At first glance, you would think: how paradoxical. The liberal Dutch who were shocked at almost nothing were almost all very decent. Compare that to these US supposed top role models of strict Jewish morality in prude Christian society, who, one after the other, were inappropriate.
It reminds me of another seeming absurdity I witnessed between the two countries. In the late 1970s, the US general public was very anti-Gay. The heydays of Anita Bryant. Meanwhile, the Netherlands just started to discover sexual diversity and slowly was getting used to people being diverse. Discriminatory laws were long gone and in the end, Gay marriage would start exactly there, in the Low Countries.
However, one never saw any Gay porno being sold openly. There were some naughty magazines for Straight men for sale in kiosks but that was it. But when I visited the US, I was shocked to see Gay (and Straight) porn being sold openly at every street corner. Was that their idea of freedom of the press? Was that capitalism, that Gay sex is not OK unless you can make money from it? Was that their concept of sex: pornography?
But on further thought, neither case (more sexual and other abuse at school and homophobia in society in the US) was illogical at all.
When a culture holds that sex is lewd and should be repressed, many people need to hide and stifle their true sexual wishes. But suppression only works for so long. And also, when sex is indecent, no one is suspected of abuse unless it’s way too late.
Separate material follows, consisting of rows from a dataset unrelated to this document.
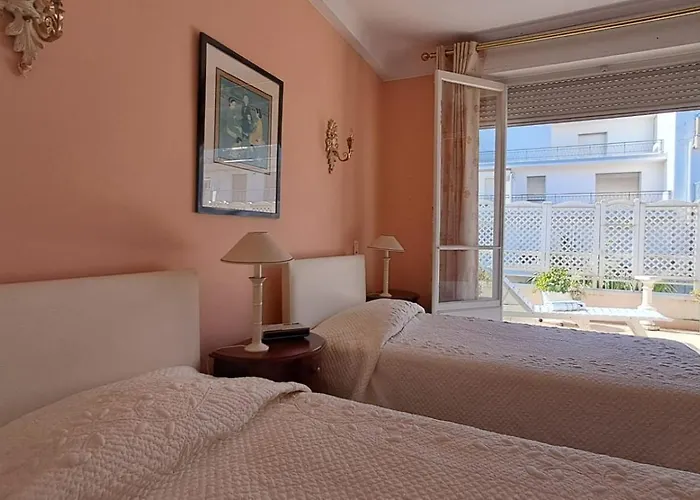 Apartamento Le California T3 Antibes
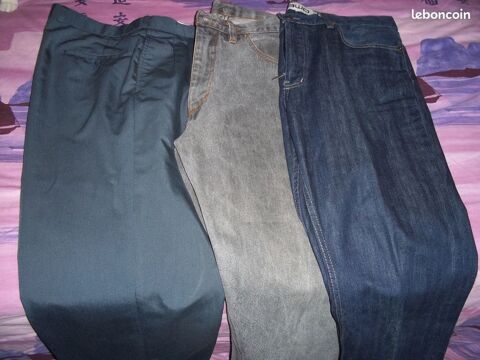 PANTALONS HOMME 42/44 3 Toulouse (31)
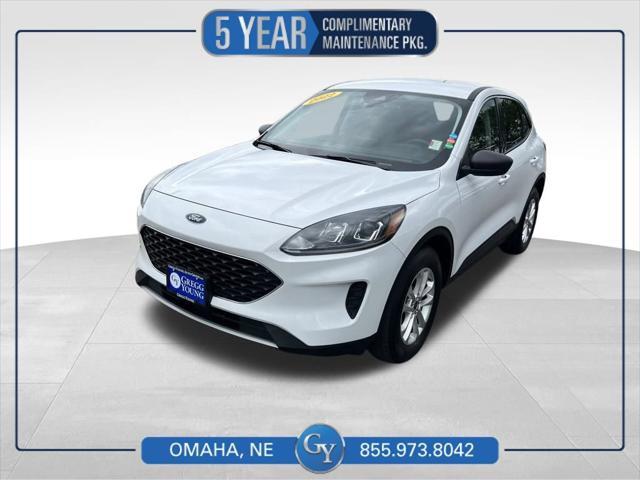 used 2022 Ford Escape car, priced at $23,500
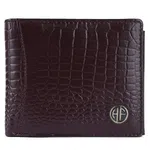 Hammonds Flycatcher Brown Genuine Leather Wallet For Men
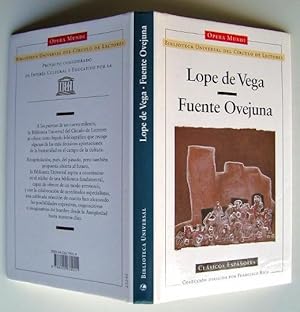 Seller image for Fuente Ovejuna for sale by La Social. Galera y Libros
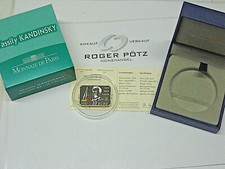 10 Euro 2011 Vassily Kandinsky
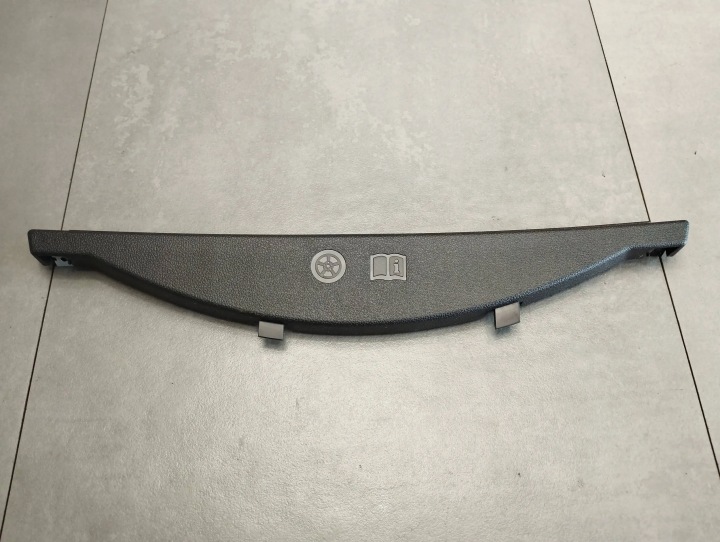 VW Polo VI 2G cover boot 2G0863679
American society was also much more violent than where I grew up. I was shocked to hear that boys, even in a frum school, would beat each other up regularly, daily. Wasn’t that completely against the Torah? I never witnessed one fight between schoolboys in all my student years.
When all is in the open and everyone is allowed to be human, one may talk (and cry) about any challenge to stay upright. No need to explode from sexual frustration and take it out on the unsuspecting innocent vulnerable. And when abuse is a possibility, prevention becomes doable.
In all-but-one Jewish communities, sex is seen as holy and not dirty. But when we copy classical Christian ethics, which views all pleasure as base, excesses are to be expected. We need to loosen up and try to be human instead of so saintly. Then, being pious becomes viable. Sanctimonious pretense backfires. So, prudery seems to lead to sexual abuse and sexual libertarianism breeds sexual respect. That should teach us something.
Till this day, nothing seemed changed. Another American frum school just kicked out GLBTQ advocates. Compare that to the Amsterdam frum community. Recently, a visiting American rabbi wrote something slightly anti-Gay. The head of the Amsterdam Jewish community furiously stated that Gay people are an integral and respected part of our community and no one gets to discriminate or humiliate any of the members and he was put on leave. I’d summarize: if you’re not decent, you can’t be holy.
When you overdo striving for properness, you create a lack of holiness. When you prioritize being human and decent, you may get to sanctity.